Reign of Chenghua Emperor: The Eighth Emperor of the Ming Dynasty
The Chenghua Emperor (pronounced [tʂʰɤ̌ŋxwâ]; December 9, 1447 – September 9, 1487) was Emperor of the Ming dynasty in China, between 1464 and 1487.
His era name means "Accomplished change".
Chenghua ascended the throne at the age of 16. During the early part of his administration, Chenghua carried out new government policies to reduce tax and strengthen the dynasty. However these did not last and by the closing years of his reign, governmental affairs once again fell into the hands of eunuchs, notably Wang Zhi. Peasant uprisings occurred throughout the country; however, they were violently suppressed. Chenghua's reign was also more autocratic than his predecessors' and freedom was sharply curtailed when Chenghua established institutes such as the Xi Chang (to complement the existing Dong Chang), monitoring all civilians' actions and words. This institute, not unlike a spy agency, would administer punishment to those whom they suspected of treason.
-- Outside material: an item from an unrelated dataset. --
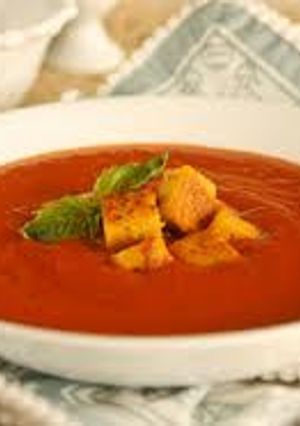 Una foto de Sopa de tomates con perejil y croutones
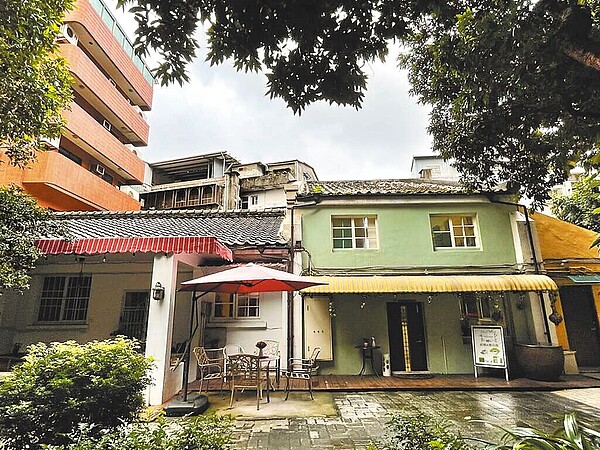 網溪別墅申請跨區容積移轉至三重乙種工業區,新北市提送內政部都委會審議,不過委員認為該案涉及課題較多,因次退請補充詳細資料。(摘自新北市觀光旅遊網/呂健豪新北傳真)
The Xi Chang would eventually be shut down but it was the start of a dangerous trend and Chenghua's descendants would again revive the Xi Chang during the 16th century.
Chenghua was also under the influence of Lady Wan who was an imperial concubine more than twice his age. Lady Wan had been a mother figure to young Chenghua but after ascending the throne she quickly became Chenghua's favourite consort after giving birth to a child in 1464. The child soon died however Lady Wan held sway over the imperial harem and prevented the young emperor from bearing any offspring. Lady Wan and her eunuchs would either induce abortion to those who were about to bear the emperor's child or administer poison to mother and child if birth had occurred.
It was not until 1475 that Chenghua discovered that he had a son (later Hongzhi Emperor) who survived and was raised in secrecy.
Emperor Chenghua's reign can be distinguished by his early attempts to reform the government and trying his best to rule the country. His reign also saw a cultural flourishing with famous Ming personnel such as Hu Juren and Chen Baisha dominating the academic scene. However Chenghua's reign was prone to dominating individuals in the government and Chenghua was easily influenced into granting favours based on who he likes rather than their abilities. This led to the degradation at the ruling class and wasteful spending by corrupt individuals which eventually depleted the empire's coffer.
Chenghua died in 1487, after 23 years on the throne. He was buried in Maoling (茂陵)。
The eldest son of emperor Zhengtong aka. Tianshun did not exactly have an easy childhood. First he was Heir Apparent, then just three years old he was imprisoned in the imperial palace; then again he became heir apparent before age 10 and finally in 1464 at the age of 18 he was enthroned as the eighth Ming emperor with a reign title of Chenghua.
He was a mild-mannered person, fond of the arts and himself a good calligrapher. But his difficult upbringing left its mark; he became rather indecisive and was prone to stuttering. He died at the age of 40 after ruling for 22 years.
The empire was however fortunate by being in capable hands in his early years. A council of 12 regents set out to amend the wounds of Chenghua's father's waging war, leaving suffering peasants to fend for themselves and, later, purging over 1.5 million alleged opponents and their families.
The council rehabilitated those that had been unjustly punished and provided ample relief to draught stricken areas. The military was completely reorganized and celebrated successful campaigns against the Mongols and the Jurchen from Manchuria.
The Great Wall in the north was rebuilt and reinforced and by 1479 it defended the empire for a length of well over 5,000 kilometers.
But all was not well back in the palace.
Chenghua never became comfortable around women. His former nurse and now principal concubine, Wan Guifei, had given birth to a son who died early. She took out her sorrow on all the other imperial concubines by arranging the death of their offspring.
Along with her favorite eunuch, Liang Fang, and aided by the evil eunuch and chief of police, Wang Zhi, Wan Guifei also sat out to plunder the empire. They amassed enormous wealth and sold titles to other officials so that they in turn could also enrich themselves at the expense of the common people.
All this took place with the emperor's silent consent. He was unable to muster the necessary authority to put an end to this massive embezzlement which gradually led to a decline in prosperity and growth.
Peasant uprisings became more frequent as a result of the exploitation and the Ming gradually began to rely upon military power to rule the country.
When one of Chenghua's concubines, surnamed Ji, became pregnant the first empress hid her and managed to conceal the birth of what was to become a future Ming emperor.
The boy was entrusted to the palace gatekeeper and when the heir was five years old, he was brought in front of emperor Chenghua who was moved and happy to have an heir.
Concubine Wan Guifei however took a gruesome revenge by immediately having the gatekeeper and the young heir's mother, concubine Ji, murdered.
Concubine Ji was later rehabilitated. When her son ascended the throne he gave her the posthumous title of Empress Ji and had her reburied with the rank of an imperial empress in Maoling, the tomb of his father, emperor Chenghua. She still rests with him there today.